4. Tune decision **threshold** to achieve at least a target recall (here, `≥ 0.70`) while maximizing precision among those thresholds.


In [None]:

# 1) Transform raw features to numeric matrices
X_train_transformed = preprocessor.fit_transform(X_train)  # fits encoders/scalers on training data
X_test_transformed  = preprocessor.transform(X_test)       # applies the learned transforms to test data

print("Shape after preprocessing (train):", X_train_transformed.shape)

# 2) Apply SMOTE on the transformed training data ONLY
smote = SMOTE(random_state=RANDOM_STATE)
X_train_res, y_train_res = smote.fit_resample(X_train_transformed, y_train)

print("\nBefore SMOTE:\n", y_train.value_counts())
print("\nAfter SMOTE:\n", y_train_res.value_counts())

# 3) Train LightGBM on the resampled training data
lgb_model = LGBMClassifier(
    class_weight='balanced',  # can help if residual imbalance or misclassification costs remain
    n_estimators=300,
    learning_rate=0.05,
    max_depth=10,
    random_state=RANDOM_STATE,
)
lgb_model.fit(X_train_res, y_train_res)

# 4) Predict probabilities on the untouched test set
y_prob_lgb = lgb_model.predict_proba(X_test_transformed)[:, 1]

# Compute precision/recall vs thresholds
precisions_lgb, recalls_lgb, thresholds_lgb = precision_recall_curve(y_test, y_prob_lgb)

# We want recall >= 0.70, and among those thresholds, pick the one with the highest precision.
# thresholds_lgb has length len(precisions_lgb)-1; compare only up to that length.
mask = (recalls_lgb[:-1] >= 0.70)

if mask.any():
    # Among valid thresholds (recall >= 0.70), choose index with max precision
    candidate_precisions = precisions_lgb[:-1] * mask
    best_idx = int(np.argmax(candidate_precisions))
    optimal_threshold = float(thresholds_lgb[best_idx])
else:
    # Fallback: if no threshold reaches the desired recall, use Youden's J best ROC point
    fpr, tpr, roc_thresholds = roc_curve(y_test, y_prob_lgb)
    youden = tpr - fpr
    optimal_threshold = float(roc_thresholds[int(np.argmax(youden))])
    print("Note: No threshold achieved recall >= 0.70; using ROC Youden's J threshold instead.")

print("Optimal Threshold (LightGBM):", optimal_threshold)

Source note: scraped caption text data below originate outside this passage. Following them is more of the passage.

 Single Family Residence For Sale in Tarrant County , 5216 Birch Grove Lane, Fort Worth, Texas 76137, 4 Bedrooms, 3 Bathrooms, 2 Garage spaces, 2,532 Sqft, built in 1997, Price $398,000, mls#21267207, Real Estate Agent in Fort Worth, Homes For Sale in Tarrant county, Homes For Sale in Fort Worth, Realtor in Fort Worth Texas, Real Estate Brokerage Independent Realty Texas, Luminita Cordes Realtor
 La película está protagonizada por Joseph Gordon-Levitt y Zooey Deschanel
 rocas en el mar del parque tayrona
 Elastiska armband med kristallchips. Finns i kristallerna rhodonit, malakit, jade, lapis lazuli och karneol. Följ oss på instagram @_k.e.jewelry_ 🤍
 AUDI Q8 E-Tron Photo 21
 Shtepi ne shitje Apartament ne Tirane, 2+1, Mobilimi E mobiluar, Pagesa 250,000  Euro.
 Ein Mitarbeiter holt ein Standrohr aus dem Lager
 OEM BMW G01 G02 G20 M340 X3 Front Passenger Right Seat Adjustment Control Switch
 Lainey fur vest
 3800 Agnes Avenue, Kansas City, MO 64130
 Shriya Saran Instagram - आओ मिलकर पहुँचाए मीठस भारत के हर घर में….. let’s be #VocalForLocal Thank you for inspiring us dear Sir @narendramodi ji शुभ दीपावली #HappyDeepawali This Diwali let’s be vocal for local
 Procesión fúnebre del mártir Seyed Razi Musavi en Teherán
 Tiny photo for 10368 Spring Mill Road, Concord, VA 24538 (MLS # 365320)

y_pred_lgb = (y_prob_lgb >= optimal_threshold).astype(int)

print("\n--- LightGBM + SMOTE: Test Metrics ---")
print("Precision:", round(precision_score(y_test, y_pred_lgb), 4))
print("Recall   :", round(recall_score(y_test, y_pred_lgb), 4))
print("ROC AUC  :", round(roc_auc_score(y_test, y_prob_lgb), 4))

# Confusion matrix
cm_lgb = confusion_matrix(y_test, y_pred_lgb)
plt.figure(figsize=(4.5, 4))
sns.heatmap(cm_lgb, annot=True, fmt="d", cmap="Blues", cbar=False)
plt.title("Confusion Matrix — LightGBM + SMOTE")
plt.xlabel("Predicted")
plt.ylabel("Actual")
plt.tight_layout()
plt.show()



## 11) Notes & Caveats

- **Thresholds drive the precision/recall trade‑off.** Always pick them based on business cost/benefit.  
- **Do not apply SMOTE to the test set.** It should simulate real‑world data.  
- Using both **`class_weight='balanced'`** and **SMOTE** is acceptable, but consider your metric and data;
  sometimes class weights alone or SMOTE alone is preferable — validate via cross‑validation.  
- For production, wrap preprocessing and models into a unified pipeline (e.g., `Pipeline` or `skops` artifacts)
  and persist them to versioned storage.